## Description of the task:
Return the listing exactly, please; no pictures.
** Opening Source data block **
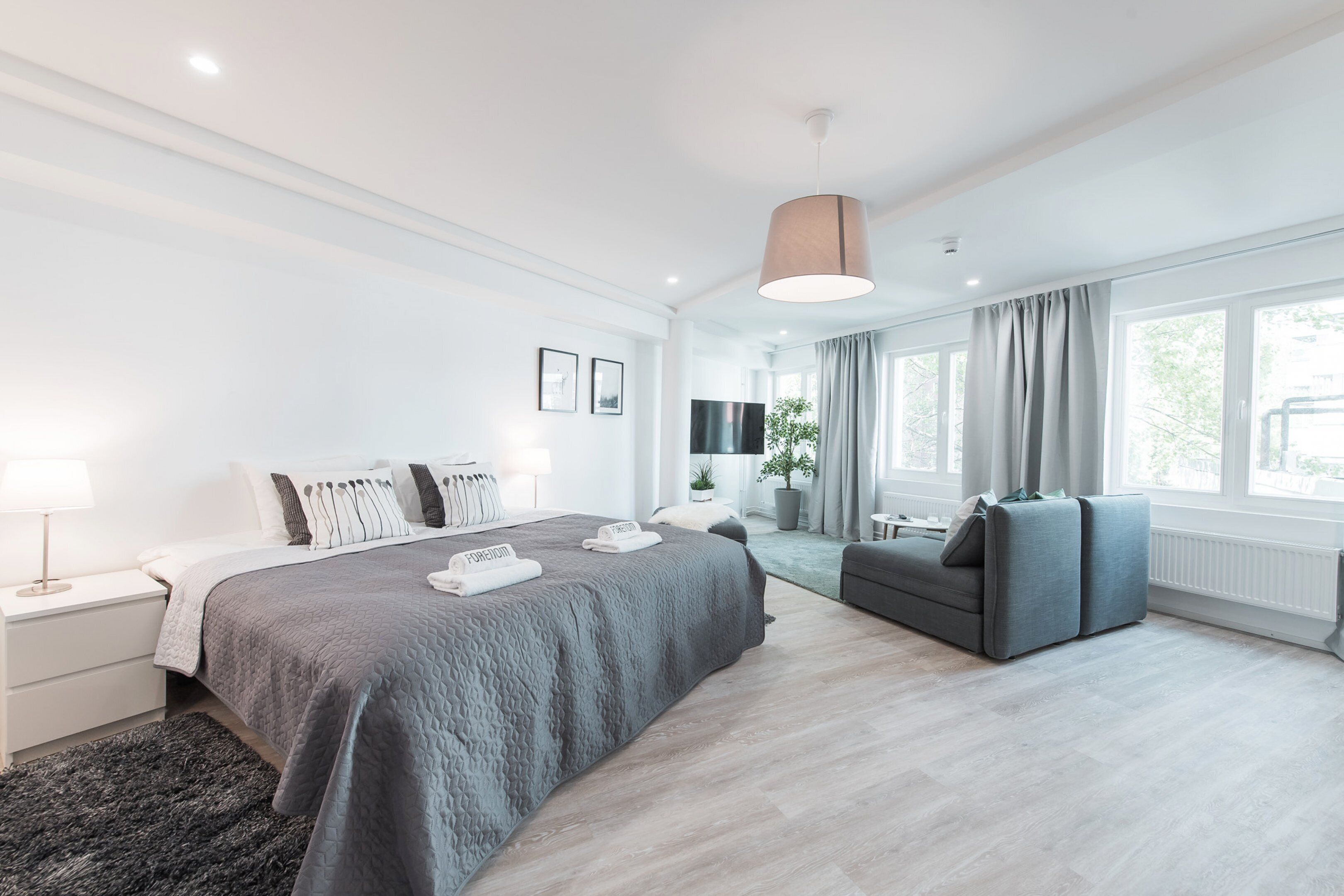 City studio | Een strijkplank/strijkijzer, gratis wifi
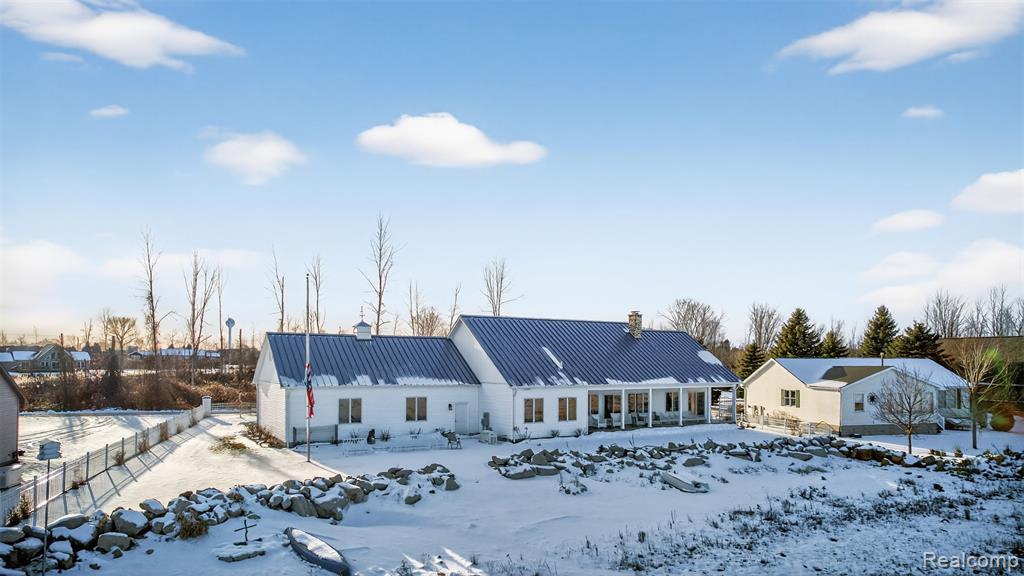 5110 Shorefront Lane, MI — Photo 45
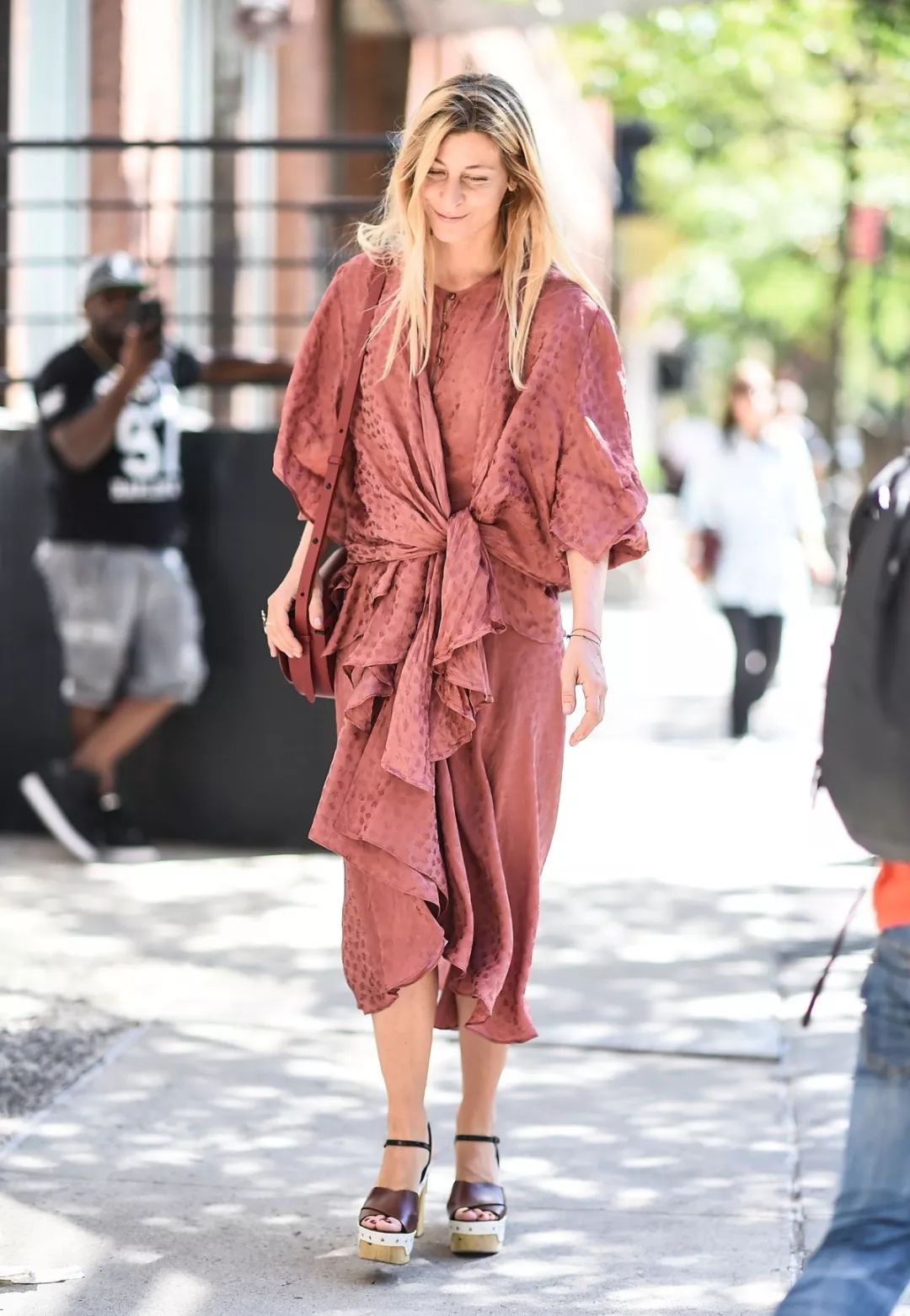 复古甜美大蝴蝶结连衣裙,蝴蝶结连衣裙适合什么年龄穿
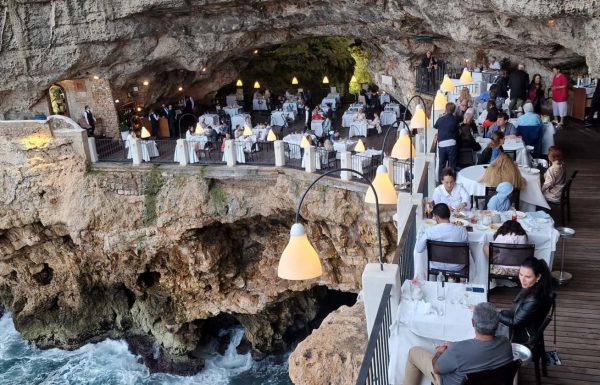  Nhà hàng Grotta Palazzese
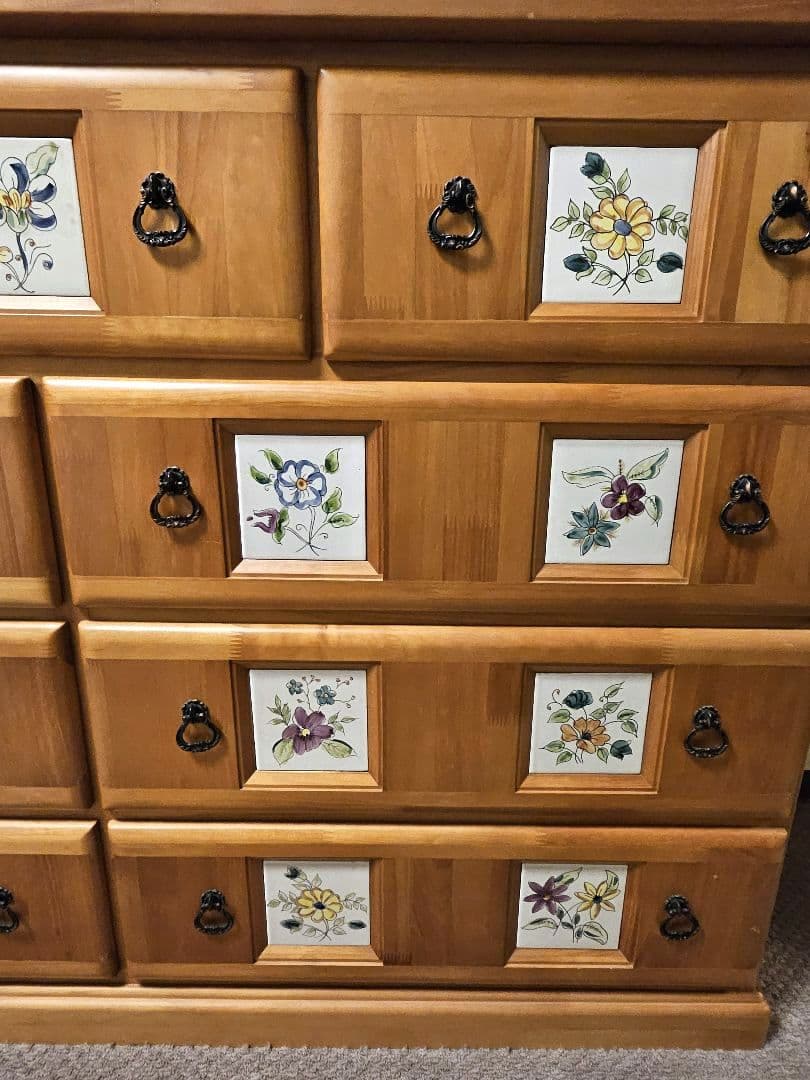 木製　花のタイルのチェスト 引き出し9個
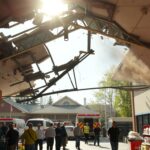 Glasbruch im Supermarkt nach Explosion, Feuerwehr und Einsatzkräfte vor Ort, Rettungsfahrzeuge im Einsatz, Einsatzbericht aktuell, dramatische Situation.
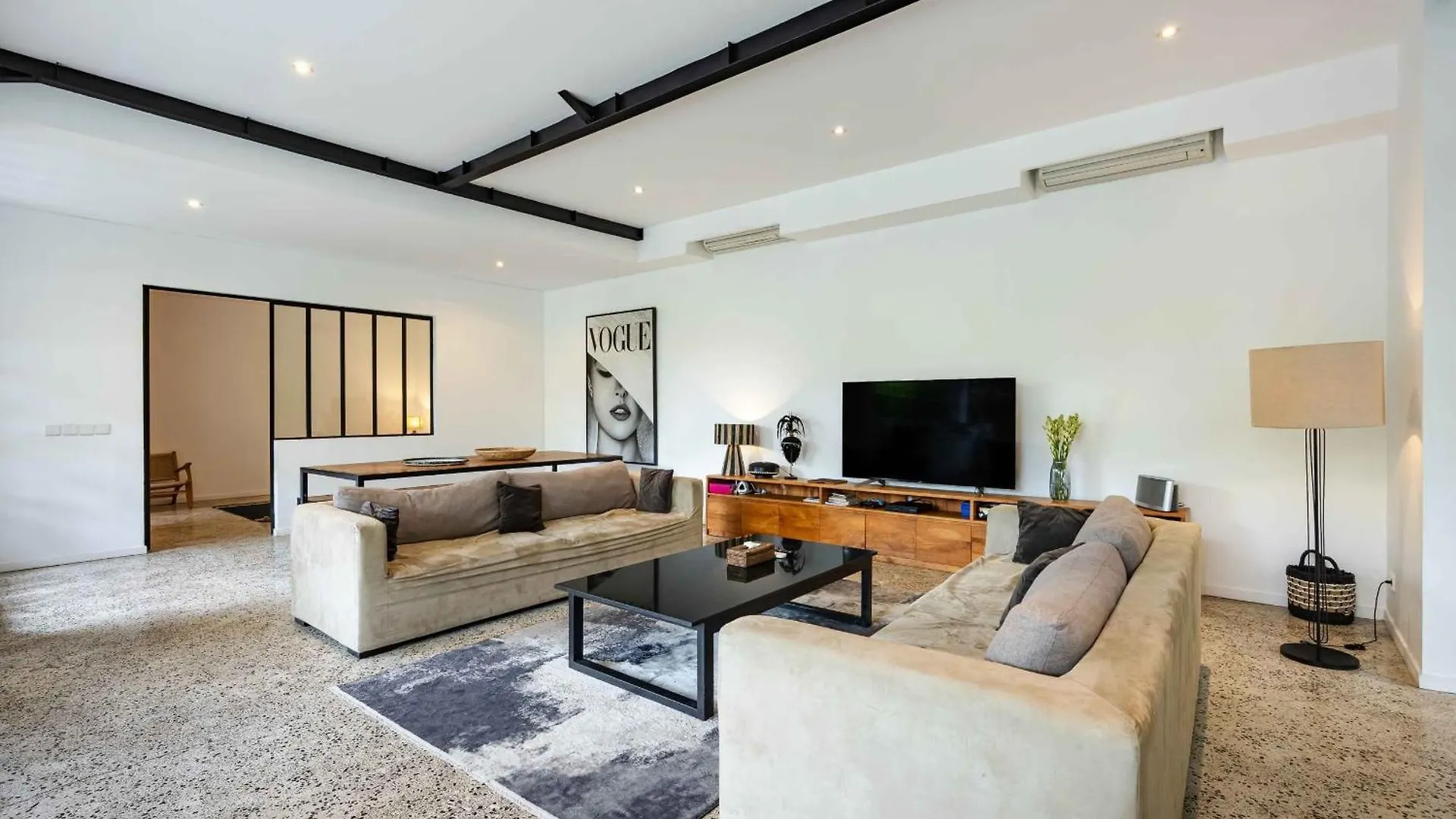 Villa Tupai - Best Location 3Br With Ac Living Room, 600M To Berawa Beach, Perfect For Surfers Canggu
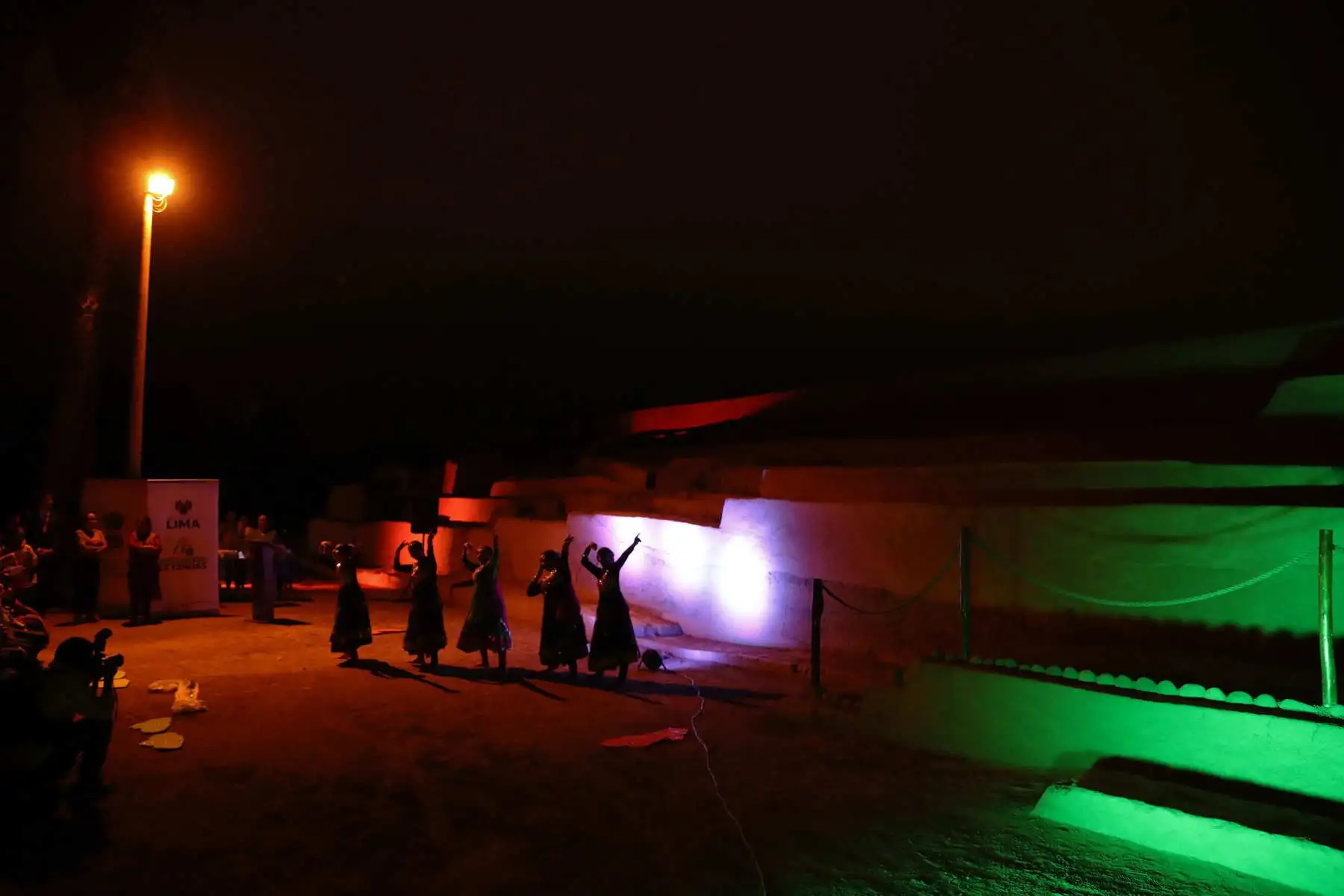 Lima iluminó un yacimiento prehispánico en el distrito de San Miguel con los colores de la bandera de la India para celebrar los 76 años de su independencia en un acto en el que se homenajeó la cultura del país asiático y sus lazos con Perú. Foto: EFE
** Closing Source data block **
## Task output:
 City studio | Een strijkplank/strijkijzer, gratis wifi
 5110 Shorefront Lane, MI — Photo 45
 复古甜美大蝴蝶结连衣裙,蝴蝶结连衣裙适合什么年龄穿
  Nhà hàng Grotta Palazzese
 木製　花のタイルのチェスト 引き出し9個
 Glasbruch im Supermarkt nach Explosion, Feuerwehr und Einsatzkräfte vor Ort, Rettungsfahrzeuge im Einsatz, Einsatzbericht aktuell, dramatische Situation.
 Villa Tupai - Best Location 3Br With Ac Living Room, 600M To Berawa Beach, Perfect For Surfers Canggu
 Lima iluminó un yacimiento prehispánico en el distrito de San Miguel con los colores de la bandera de la India para celebrar los 76 años de su independencia en un acto en el que se homenajeó la cultura del país asiático y sus lazos con Perú. Foto: EFE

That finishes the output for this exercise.